What kind of audience is a lineup like this for?

We definitely have a lot of folks who are really into the jam bands and live bands and kind of rootsy jam music. But at least since I’ve been involved, we’ve been wanting to attract diverse groups of people who are into different styles of music and do it in a way that’s cohesive and that all kind of blends together — because we, as organizers, are into a lot of different styles of music. We like jam bands and we like bluegrass, but we also like bass and house music.

How does that approach set you apart from other festivals?

These days, you’re seeing a lot of festivals that are very specific in genre, where there’s one or a handful of genres and sounds. We really didn’t want to do that. We wanted to be a little bit more eclectic, and — at least for a boutique festival of our size — there aren’t many other options for festivals that really do that. We can get really creative with how we’re putting the lineups together. But definitely, the jamtronic cornerstone is integral to how we curate everything.
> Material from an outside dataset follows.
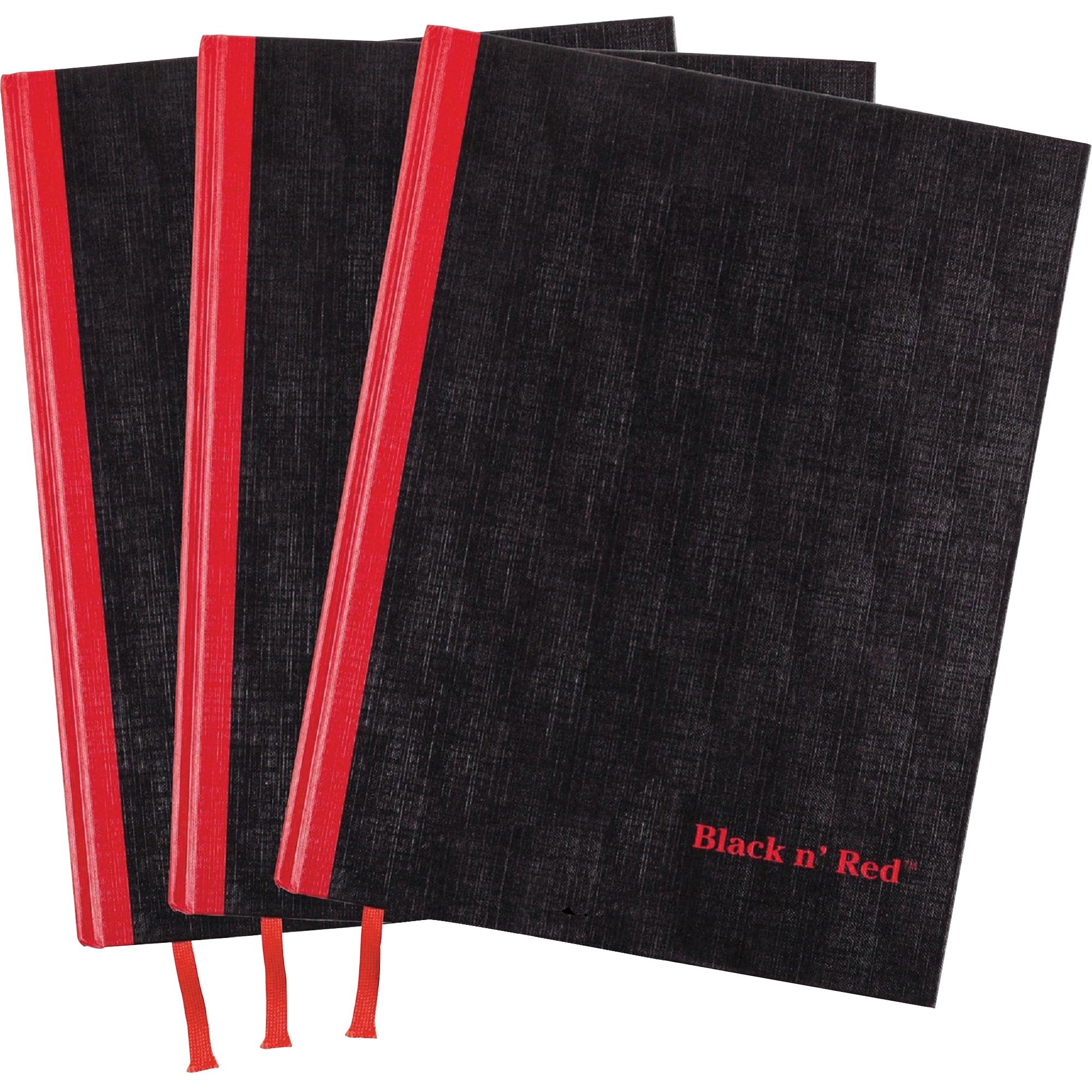 black-n-red-casebound-hardcover-notebook-3-pack-case-bound-12-x-85-x-17-matte-cover-hard-cover-bleed-resistant-ribbon-marker-3-pack_jdk400123487 - 1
Is there a formal association between the festival and the actual Gem and Mineral Show?

In spirit only. The Tucson Gem Show is really expansive — it’s not really centralized in one place, so we technically are our own gem show in the eyes of the Tucson Gem Show, because we have so many crystal and mineral vendors on site. We get listed as one of the hundreds of gem shows happening in Tucson. So while we don’t have any sort of partnership, we make sure we’re coinciding our dates. But beyond that, it’s purely kind of an energetic relationship.